What this task involves ->
Go to the line holding "Personalised Blue Botanical" in the data below. Return it and each line after it through the last, exactly, and skip the pictures.
(Source material)
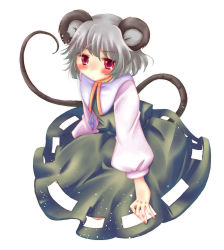 Rule 34 | 1girl, animal ears, female focus, grey hair, highres, jewelry, kilkennycat, mouse ears, mouse tail, nazrin, pendant, red eyes, short hair, simple background, solo, tail, touhou, white background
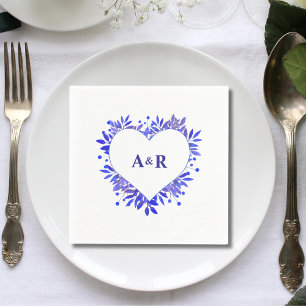 Personalised Blue Botanical Wedding Paper Napkin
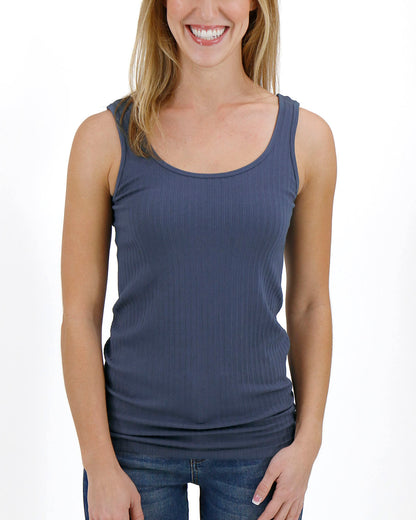 Perfect Fit Seamless Ribbed Tank in Denim Blue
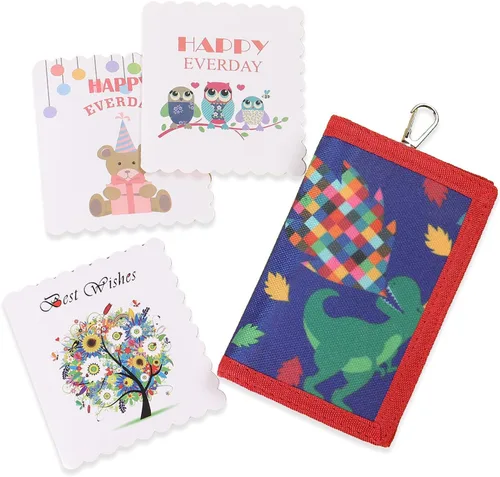 SITADI Billetera para niños, pequeña cartera para niños con bolsillo con cremallera, bonita caricatura, triple pliegue, lona, regalos de Navidad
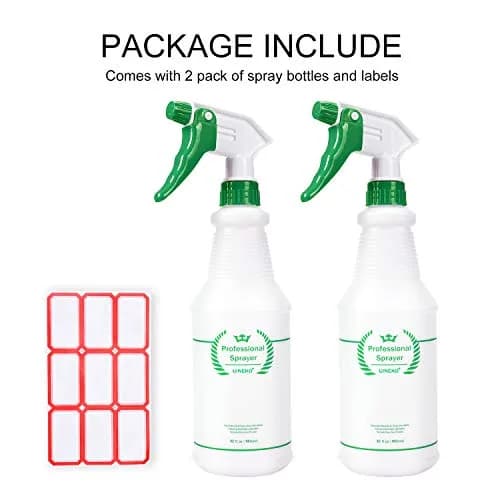 Uineko Heavy Duty Plastic Spray Bottles 2 Pack, 32 Oz | Adjustable Nozzle, Leak-Proof, Chemical Resistant, for Home & Garden thumbnail 4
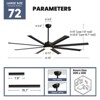 Ludomide 72 Inch Large Ceiling Fan with Lights and Remote Industrial Ceiling Fan Indoor/Outdoor Ceiling Fans for Patio Living Room - 3 of 4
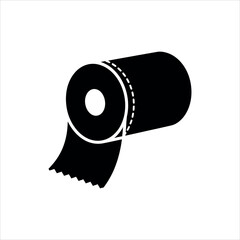 Black silhouette of a roll of toilet paper with a torn sheet hygiene bathroom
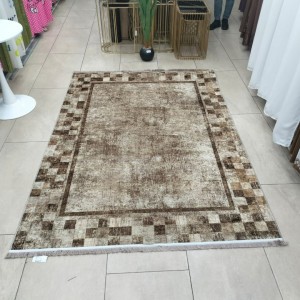 سجاد صيفي بيرلنت اورجينال مدور 1.2× 1.2 - مربعات بني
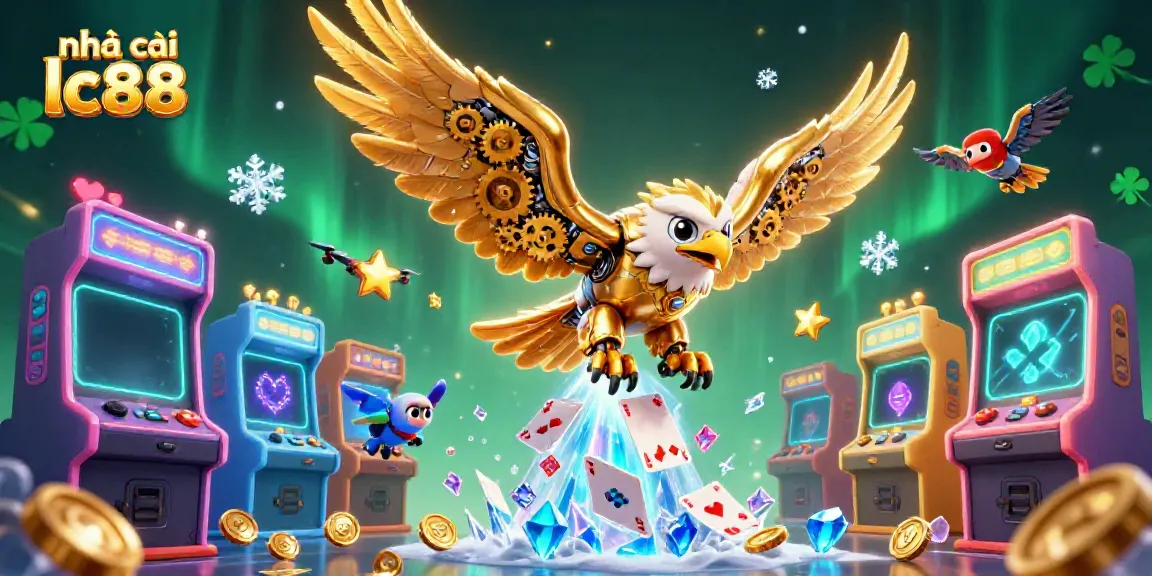 Capture the excitement of nhà cái lc88 with a golden eagle soaring through holographic playing cards in a vibrant casino scene.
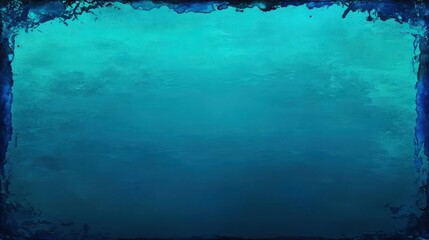 abstract grunge blue background with color frame and empty in the middle for text writing 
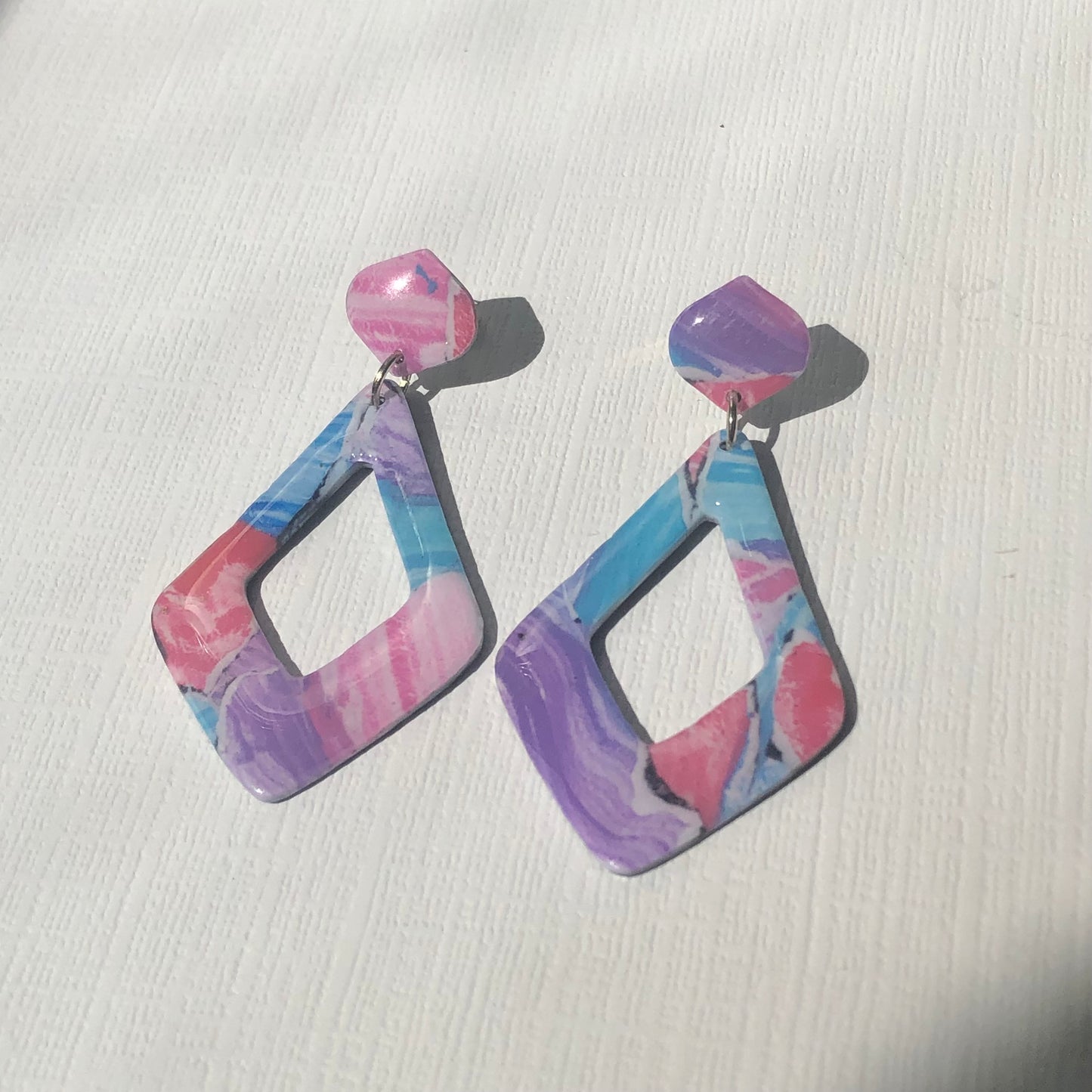 Cotton Candy Watercolor Hollow Diamond Dangles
(End Source material)
Reply ->
 Personalised Blue Botanical Wedding Paper Napkin
 Perfect Fit Seamless Ribbed Tank in Denim Blue
 SITADI Billetera para niños, pequeña cartera para niños con bolsillo con cremallera, bonita caricatura, triple pliegue, lona, regalos de Navidad
 Uineko Heavy Duty Plastic Spray Bottles 2 Pack, 32 Oz | Adjustable Nozzle, Leak-Proof, Chemical Resistant, for Home & Garden thumbnail 4
 Ludomide 72 Inch Large Ceiling Fan with Lights and Remote Industrial Ceiling Fan Indoor/Outdoor Ceiling Fans for Patio Living Room - 3 of 4
 Black silhouette of a roll of toilet paper with a torn sheet hygiene bathroom
 سجاد صيفي بيرلنت اورجينال مدور 1.2× 1.2 - مربعات بني
 Capture the excitement of nhà cái lc88 with a golden eagle soaring through holographic playing cards in a vibrant casino scene.
 abstract grunge blue background with color frame and empty in the middle for text writing 
 Cotton Candy Watercolor Hollow Diamond Dangles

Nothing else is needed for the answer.